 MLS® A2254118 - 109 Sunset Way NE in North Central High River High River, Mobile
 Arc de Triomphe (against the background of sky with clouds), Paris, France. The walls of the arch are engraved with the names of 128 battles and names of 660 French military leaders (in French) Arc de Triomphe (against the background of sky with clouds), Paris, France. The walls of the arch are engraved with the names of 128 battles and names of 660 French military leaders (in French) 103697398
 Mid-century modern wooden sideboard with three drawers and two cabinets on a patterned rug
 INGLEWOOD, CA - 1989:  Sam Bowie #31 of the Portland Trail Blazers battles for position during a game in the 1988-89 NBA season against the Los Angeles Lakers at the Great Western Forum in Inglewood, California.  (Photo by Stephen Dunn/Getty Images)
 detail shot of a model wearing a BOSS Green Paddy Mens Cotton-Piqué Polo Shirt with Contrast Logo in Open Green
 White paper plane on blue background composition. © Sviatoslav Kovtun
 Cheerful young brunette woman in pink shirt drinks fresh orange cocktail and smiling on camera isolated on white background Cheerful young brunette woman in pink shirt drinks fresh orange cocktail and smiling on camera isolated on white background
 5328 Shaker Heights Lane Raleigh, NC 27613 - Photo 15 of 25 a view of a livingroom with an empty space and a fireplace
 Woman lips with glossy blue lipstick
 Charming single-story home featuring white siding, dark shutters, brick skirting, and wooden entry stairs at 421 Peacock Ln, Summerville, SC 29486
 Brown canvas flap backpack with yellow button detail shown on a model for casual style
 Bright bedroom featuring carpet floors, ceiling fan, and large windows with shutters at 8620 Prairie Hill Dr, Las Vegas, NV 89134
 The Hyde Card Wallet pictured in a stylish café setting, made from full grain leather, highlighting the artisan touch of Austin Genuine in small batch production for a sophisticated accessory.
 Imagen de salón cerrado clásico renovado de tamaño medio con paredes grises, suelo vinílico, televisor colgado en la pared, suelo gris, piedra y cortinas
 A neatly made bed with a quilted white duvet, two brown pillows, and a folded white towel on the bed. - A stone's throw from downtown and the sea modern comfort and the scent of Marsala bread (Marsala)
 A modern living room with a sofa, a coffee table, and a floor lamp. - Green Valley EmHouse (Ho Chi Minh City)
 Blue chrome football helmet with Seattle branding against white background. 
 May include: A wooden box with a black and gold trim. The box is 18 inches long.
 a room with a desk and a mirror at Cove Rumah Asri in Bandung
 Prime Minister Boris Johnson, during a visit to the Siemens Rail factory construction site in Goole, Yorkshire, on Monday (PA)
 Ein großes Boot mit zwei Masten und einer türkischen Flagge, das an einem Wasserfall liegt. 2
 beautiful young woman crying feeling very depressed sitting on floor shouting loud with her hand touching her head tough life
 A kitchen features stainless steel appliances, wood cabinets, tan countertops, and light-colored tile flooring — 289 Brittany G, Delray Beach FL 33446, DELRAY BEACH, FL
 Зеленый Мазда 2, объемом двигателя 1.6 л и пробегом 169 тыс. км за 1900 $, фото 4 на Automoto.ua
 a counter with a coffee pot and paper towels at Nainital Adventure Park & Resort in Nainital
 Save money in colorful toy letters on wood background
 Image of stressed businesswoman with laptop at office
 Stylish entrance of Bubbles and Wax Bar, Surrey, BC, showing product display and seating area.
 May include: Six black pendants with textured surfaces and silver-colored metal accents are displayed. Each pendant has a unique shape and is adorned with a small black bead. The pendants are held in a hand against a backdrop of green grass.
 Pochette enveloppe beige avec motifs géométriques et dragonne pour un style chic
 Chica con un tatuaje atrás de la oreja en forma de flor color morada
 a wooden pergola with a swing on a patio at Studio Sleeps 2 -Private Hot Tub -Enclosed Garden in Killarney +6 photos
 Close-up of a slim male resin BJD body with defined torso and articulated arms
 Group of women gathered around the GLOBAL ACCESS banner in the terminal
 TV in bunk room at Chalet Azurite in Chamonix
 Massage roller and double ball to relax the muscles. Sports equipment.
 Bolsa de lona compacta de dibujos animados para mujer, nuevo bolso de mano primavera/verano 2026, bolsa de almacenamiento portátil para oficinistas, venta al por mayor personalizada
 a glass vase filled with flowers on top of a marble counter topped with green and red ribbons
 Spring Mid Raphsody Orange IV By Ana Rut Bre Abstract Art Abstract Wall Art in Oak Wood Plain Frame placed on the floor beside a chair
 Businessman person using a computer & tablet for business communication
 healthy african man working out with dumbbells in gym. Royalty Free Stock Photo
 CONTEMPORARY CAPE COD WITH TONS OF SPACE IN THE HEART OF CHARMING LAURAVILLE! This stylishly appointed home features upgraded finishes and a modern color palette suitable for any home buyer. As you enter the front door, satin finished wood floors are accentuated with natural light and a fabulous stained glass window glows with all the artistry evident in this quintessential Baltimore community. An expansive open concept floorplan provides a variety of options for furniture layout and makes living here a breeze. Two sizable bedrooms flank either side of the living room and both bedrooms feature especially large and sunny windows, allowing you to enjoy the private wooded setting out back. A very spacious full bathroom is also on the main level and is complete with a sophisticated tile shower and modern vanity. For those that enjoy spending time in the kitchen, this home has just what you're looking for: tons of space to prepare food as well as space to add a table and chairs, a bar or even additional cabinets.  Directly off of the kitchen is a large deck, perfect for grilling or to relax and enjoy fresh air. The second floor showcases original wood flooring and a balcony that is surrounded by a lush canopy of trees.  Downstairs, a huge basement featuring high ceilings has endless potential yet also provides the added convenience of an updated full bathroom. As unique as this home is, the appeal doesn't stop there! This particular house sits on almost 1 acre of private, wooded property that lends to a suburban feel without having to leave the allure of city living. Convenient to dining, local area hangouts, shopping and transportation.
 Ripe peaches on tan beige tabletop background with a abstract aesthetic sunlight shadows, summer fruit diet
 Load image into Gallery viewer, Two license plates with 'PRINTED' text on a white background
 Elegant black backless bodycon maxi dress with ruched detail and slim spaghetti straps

# # #

> [TASK STATEMENT]
With the line holding "a counter with" as the first and the line holding "healthy african man" as the last, please transcribe exactly the lines of the material above in that range and nothing else.

> [RESPONSE AREA]
 a counter with a coffee pot and paper towels at Nainital Adventure Park & Resort in Nainital
 Save money in colorful toy letters on wood background
 Image of stressed businesswoman with laptop at office
 Stylish entrance of Bubbles and Wax Bar, Surrey, BC, showing product display and seating area.
 May include: Six black pendants with textured surfaces and silver-colored metal accents are displayed. Each pendant has a unique shape and is adorned with a small black bead. The pendants are held in a hand against a backdrop of green grass.
 Pochette enveloppe beige avec motifs géométriques et dragonne pour un style chic
 Chica con un tatuaje atrás de la oreja en forma de flor color morada
 a wooden pergola with a swing on a patio at Studio Sleeps 2 -Private Hot Tub -Enclosed Garden in Killarney +6 photos
 Close-up of a slim male resin BJD body with defined torso and articulated arms
 Group of women gathered around the GLOBAL ACCESS banner in the terminal
 TV in bunk room at Chalet Azurite in Chamonix
 Massage roller and double ball to relax the muscles. Sports equipment.
 Bolsa de lona compacta de dibujos animados para mujer, nuevo bolso de mano primavera/verano 2026, bolsa de almacenamiento portátil para oficinistas, venta al por mayor personalizada
 a glass vase filled with flowers on top of a marble counter topped with green and red ribbons
 Spring Mid Raphsody Orange IV By Ana Rut Bre Abstract Art Abstract Wall Art in Oak Wood Plain Frame placed on the floor beside a chair
 Businessman person using a computer & tablet for business communication
 healthy african man working out with dumbbells in gym. Royalty Free Stock Photo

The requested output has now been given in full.